Updated: Aug 4
In May of last year I participated in a performance workshop. Two days before the performance the choreographer of the piece came up to me and whispered in my ear "don’t forget to shave." When rehearsal was over, the choreographer who had put the show together gathered us all. She gave us this last-rehearsal pep talk and then was going over the things she wanted to tell us and at one point she said “oh and please shave! Like here and here" pointing at her armpits and legs. She explained she didn’t want anyone in the audience to not be able to pay attention to anything other than the hair in those places. Al lot of people thought it was really funny, and some turned to look at me. I felt my head getting very hot (and probably very red) out of embarrassment, but still I managed to shoot my hand up in the air and said, "like me?" I was the only woman in a group of about 40 people with hair in those places. As soon as I was out, I called Stanley to vent, I’d been going to his place twice a week for a while since he had been teaching me some of his dances. I told him what happened and he couldn’t have been more outraged. He gave me some pointers for example, he said that was something they should've told me when rehearsals started, not in the second to last rehearsal. I'd been wearing tank tops all throughout and there were certainly many opportunities to say something to me.

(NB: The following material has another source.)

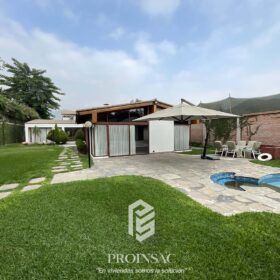 OPORTUNIDAD !!! CASA CONTEMPORÁNEA EN VENTA URB. LA ESTANCIA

When I brought it to the attention of the choreographers, they told me a few things that made it all the worse. Among them was that “in the real dance world we don’t have any hair and it’s clean-cut.” So, like the girl with the tattoos, who by the way was given the choice during one of the first rehearsals, I could “cover it up” if I didn’t want to shave. This was mainly a house dance piece, not ballet or anything like that, but I have to admit that I was wondering if they would say something to me since they had told the tattooed girl to cover up. But I thought they might also not mind since they never mentioned anything until that day. I showed up to the rehearsal the day after. I could tell my choreographer was really mad at me, I tried to talk to her but I feel like they were just taking it as me wanting to challenge them, so I left. The thing is that, I would've been ok to cover the hair or even shave it, had they said something to me when I brought up that I wasn't ok when they said it the way they did. I chose not to be a part of the performance because instead of recognizing what they did, they pushed me further telling me "that was not my piece" so it was "not my aesthetic" which was going to be represented, and even lied about having said it before... That was all besides the point though. I chose not to dance because I hadn’t been forgetting to shave throughout the two months of rehearsals, also I didn’t sign up to be treated poorly nor to be a part of a group that not only expected so little from their audience but that also thought they represented the entirety of the “real dance world.” I knew perfectly well that it wasn’t my job to decide how the bodies were to be in the work that was not my own. It was my job, however, to stand up for myself. If not me, then who?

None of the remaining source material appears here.